You can not select more than 25 topics Topics must start with a letter or number, can include dashes ('-') and can be up to 35 characters long.
 

13 KiB

Avoiding Race Conditions and Deadlocks

ROS 2 was created with real time safety in mind. Some of the features of ROS 2, although exposed for the convenience of users, can get in the way if one is not aware about them.

Race conditions

In parallel programming, race conditions can occur when data is being written to and read from a shared memory space concurrently by two threads. This creates a condition where a thread that’s reading from the shared memory gets conflicting data. Such conditions are often difficult to debug as it requires one to introspect multiple threads. Hence, it is always better to recognize and avoid common pitfalls that lead to race conditions.

Deadlocks

In parallel programming, deadlocks occur when multiple threads try to gain access to the same system resource at the same time. In the context of ROS 2, this can occur when a resource like the executor which is shared by multiple callback methods is asked to service more than one callback concurrently. Again, this is another pitfall that’s difficult to debug as it often manifests itself with nodes becoming unresponsive without any apparent error message. Hence, it is always better to recognize and avoid common pitfalls that lead to deadlocks.

Executor

We had a brief introduction to the ROS 2 executor in the previous tutorial on Introduction to ROS 2. We looked at ways to invoke the executor with various spin methods. At a high level, the job of the executor is to service callback messages as they arrive and process and relay messages in the callback. In parallel programming, sometimes you might want parts of a process to run concurrently to avoid deadlocks, or in some cases, you might not want certain parts of a process to run concurrently to avoid race conditions. Fortunately, you can control this by defining the executor model.
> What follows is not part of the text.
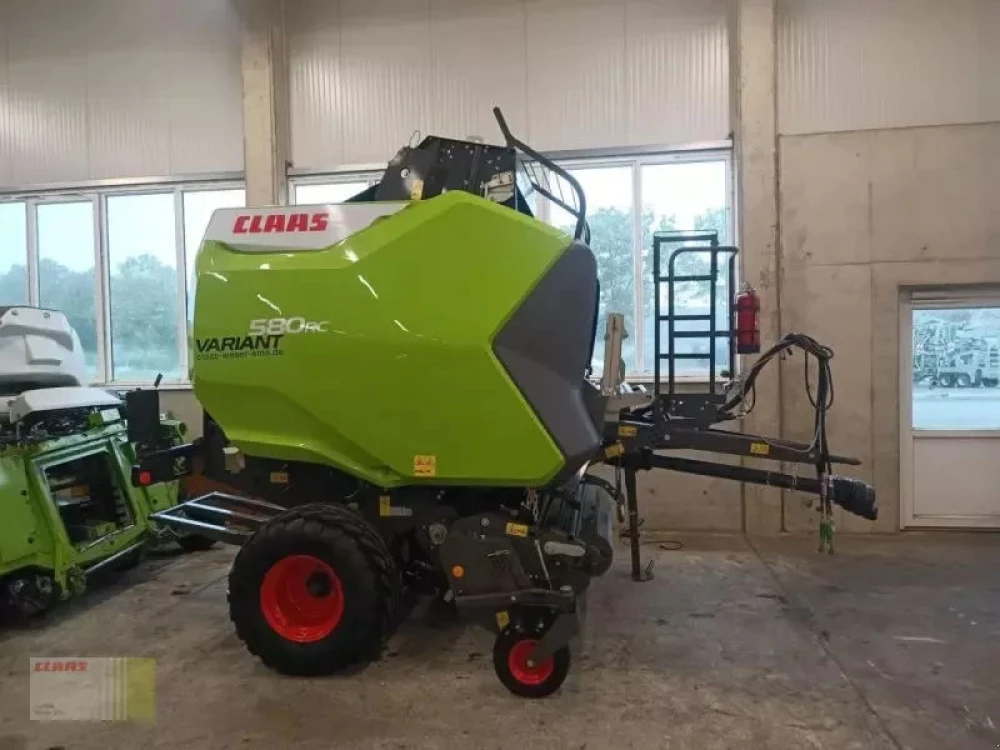 Claas variant 580 rc pro, nur 692 ballen !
An executor is defined as a SingleThreadedExecutor by default which is perfect for servicing fast running callbacks sequentially. However, if parallelism is desired, an executor can be defined as a MultiThreadedExecutor. This allows long running callbacks to run in parallel with fast running ones. A custom executor model can also be defined, but that is beyond the scope of this tutorial.

Callback groups

A callback is the method that receives a ROS message and is where a ROS message is processed. Depending on the kind of data that’s being worked upon, a callback method could finish executing in virtually no time or take several seconds to process. Several seconds is a long time in programming and the longer a callback method takes, the longer the next callback has to wait for the executor to service it.

With a MultiThreadedExecutor, callbacks can be serviced in parallel. However, this makes the process prone to race conditions as multiple threads work on the same shared memory. Fortunately, this can be avoided by defining callback groups. Grouping callbacks such that the ones that deal with the same shared memory space never execute concurrently ensures that data doesn’t get corrupted due to race conditions.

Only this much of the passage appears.